== To do ==
Omitting the pictures, output all of the records precisely as written.

+--

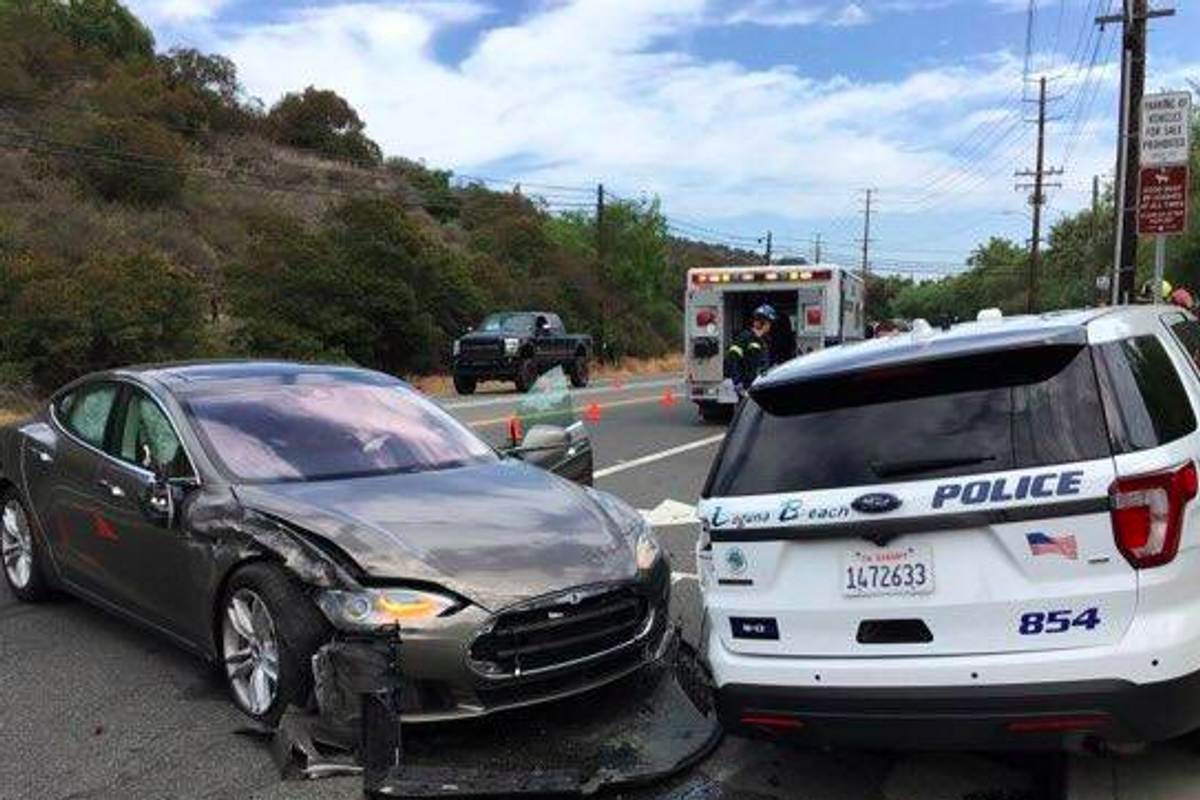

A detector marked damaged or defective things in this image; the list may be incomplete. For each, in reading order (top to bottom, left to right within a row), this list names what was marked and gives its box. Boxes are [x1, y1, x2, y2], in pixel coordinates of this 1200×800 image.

damaged tesla model s [0, 362, 664, 724]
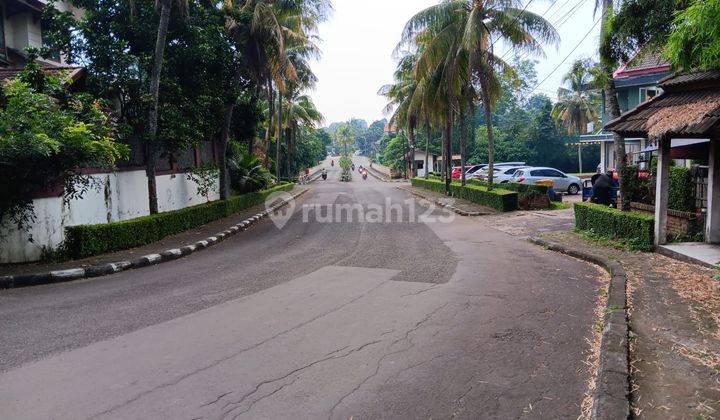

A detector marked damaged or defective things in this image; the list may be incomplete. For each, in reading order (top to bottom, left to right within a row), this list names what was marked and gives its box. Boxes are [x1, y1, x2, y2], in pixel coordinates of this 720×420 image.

cracked asphalt road [0, 160, 604, 416]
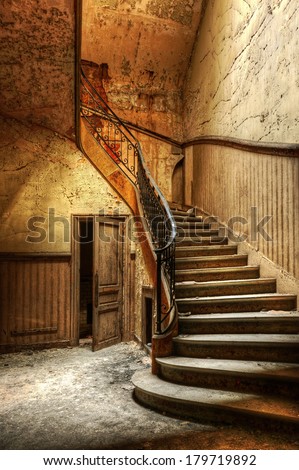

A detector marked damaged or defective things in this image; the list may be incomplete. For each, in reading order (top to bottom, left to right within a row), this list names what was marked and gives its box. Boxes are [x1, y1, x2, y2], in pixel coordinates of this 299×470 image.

peeling plaster wall [0, 0, 75, 139]
cracked wall surface [0, 0, 76, 139]
peeling plaster wall [81, 0, 204, 141]
cracked wall surface [81, 0, 204, 141]
peeling plaster wall [184, 0, 299, 143]
cracked wall surface [185, 0, 299, 143]
peeling plaster wall [0, 115, 131, 252]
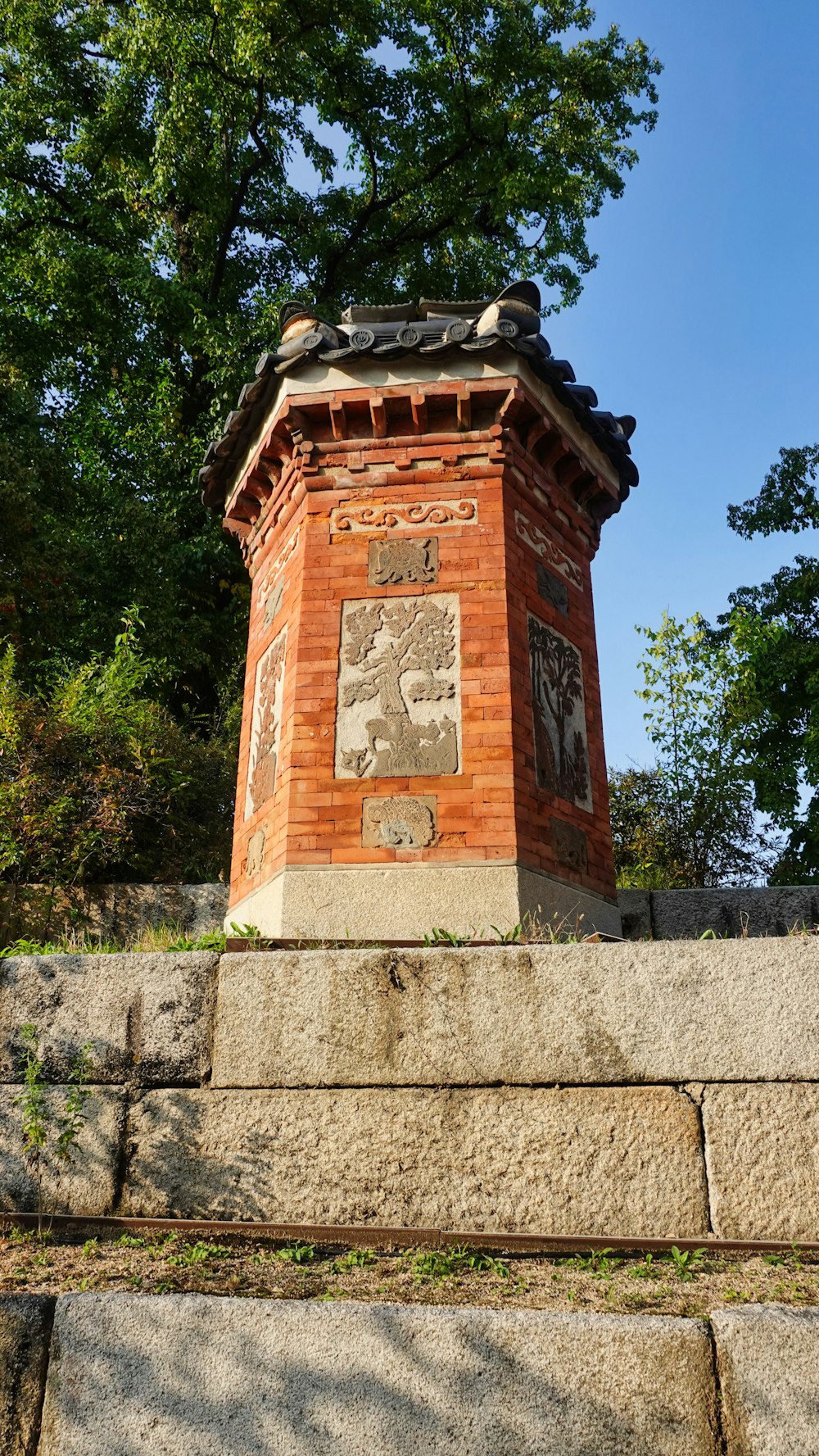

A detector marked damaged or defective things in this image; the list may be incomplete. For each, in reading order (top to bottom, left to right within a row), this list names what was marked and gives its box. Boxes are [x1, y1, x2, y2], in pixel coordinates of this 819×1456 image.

rusty metal strip [2, 1211, 814, 1258]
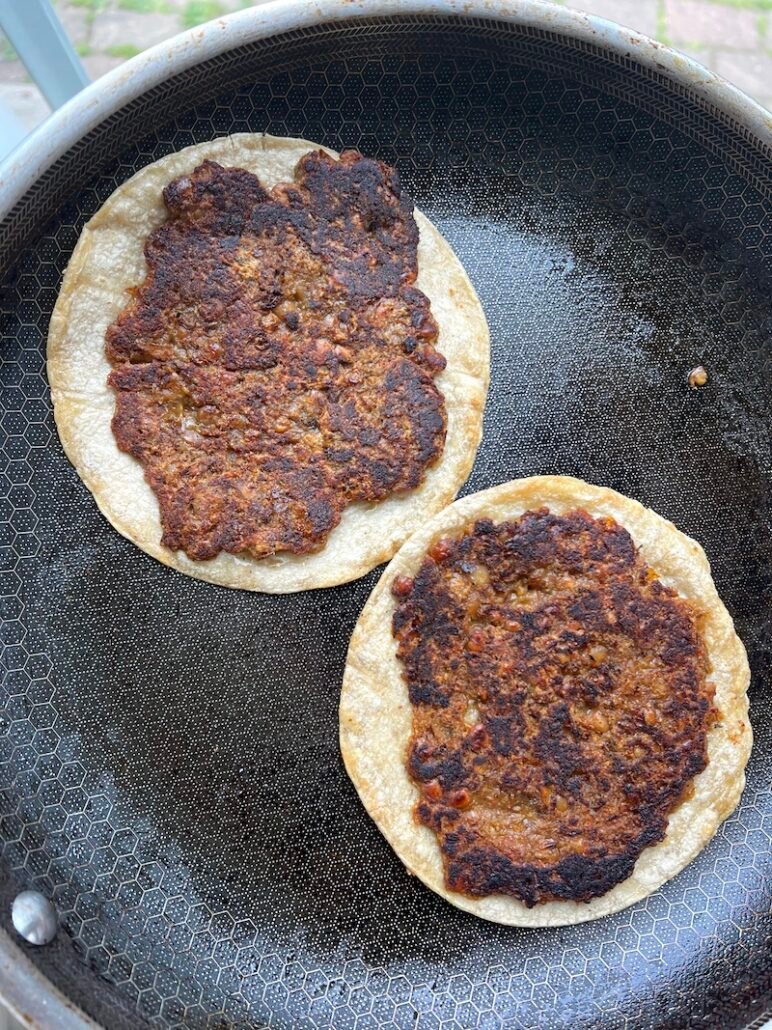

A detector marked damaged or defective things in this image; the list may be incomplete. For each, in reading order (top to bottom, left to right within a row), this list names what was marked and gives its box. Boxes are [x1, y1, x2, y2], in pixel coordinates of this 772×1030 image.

charred lentil patty [107, 149, 446, 560]
charred lentil patty [393, 510, 720, 906]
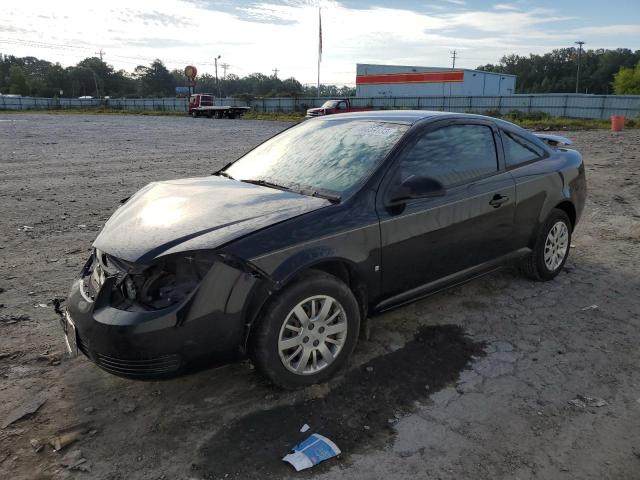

+--

== Exercise answer ==
A detector marked damaged or defective things in this image; the list may be incomplete. For each, in reading order (top to bottom, left to right within a row), this list names what was marked and gives its box. Boxes are [x1, y1, x2, y2], in pixel coordinates of this 1200×800 image.

damaged tesla model s [0, 362, 664, 724]

A detector marked damaged or defective things in this image; the list may be incomplete. For each, in reading order (top to bottom, left to right within a row), this list names what was marked and gives its box. Boxes are [x1, y1, x2, y2], in pixel coordinates of this 720×420 image.

cracked asphalt road [0, 160, 604, 416]

A detector marked damaged or defective things in this image; the list may be incomplete. For each, in reading order (top to bottom, left to right within a row), this list names what was marked and gives its box. Boxes are [x1, y1, x2, y2], in pixel coordinates of this 299×470 image.

peeling plaster wall [0, 0, 75, 139]
cracked wall surface [0, 0, 76, 139]
peeling plaster wall [81, 0, 204, 141]
cracked wall surface [81, 0, 204, 141]
peeling plaster wall [184, 0, 299, 143]
cracked wall surface [185, 0, 299, 143]
peeling plaster wall [0, 115, 131, 252]

A detector marked damaged or defective things in this image; the list may be incomplete. For each, in reading order (top to bottom, left to right within a row), this list names what was marked and gives its box. Boxes are [x1, y1, x2, y2], in pixel coordinates of this 819×1456 image.

rusty metal strip [2, 1211, 814, 1258]

A detector marked damaged or defective things in this image; the list may be incomplete. For each, in reading order (top to bottom, left to right within a row), this list names what was marked and gives its box. Boxes are [x1, y1, x2, y2], in pixel coordinates of this 772×1030 image.

charred lentil patty [107, 149, 446, 560]
charred lentil patty [393, 510, 720, 906]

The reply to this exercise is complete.